_EXERCISE GOAL_. Repeat exactly the lines below that lie between the line with "Royal Sella 40 lb back" and the line with "Heavy Duty Camping", counting both of those lines as part of the answer.

_EXERCISE MATERIALS_.
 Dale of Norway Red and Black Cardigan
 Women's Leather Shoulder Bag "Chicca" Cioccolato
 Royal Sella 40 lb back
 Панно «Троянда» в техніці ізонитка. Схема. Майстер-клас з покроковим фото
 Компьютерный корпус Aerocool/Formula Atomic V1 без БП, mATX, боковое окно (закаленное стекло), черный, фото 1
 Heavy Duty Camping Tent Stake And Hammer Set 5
---
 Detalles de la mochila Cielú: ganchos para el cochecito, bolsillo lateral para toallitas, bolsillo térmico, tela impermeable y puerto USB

_SOLUTION FOR THIS TASK_.
 Royal Sella 40 lb back
 Панно «Троянда» в техніці ізонитка. Схема. Майстер-клас з покроковим фото
 Компьютерный корпус Aerocool/Formula Atomic V1 без БП, mATX, боковое окно (закаленное стекло), черный, фото 1
 Heavy Duty Camping Tent Stake And Hammer Set 5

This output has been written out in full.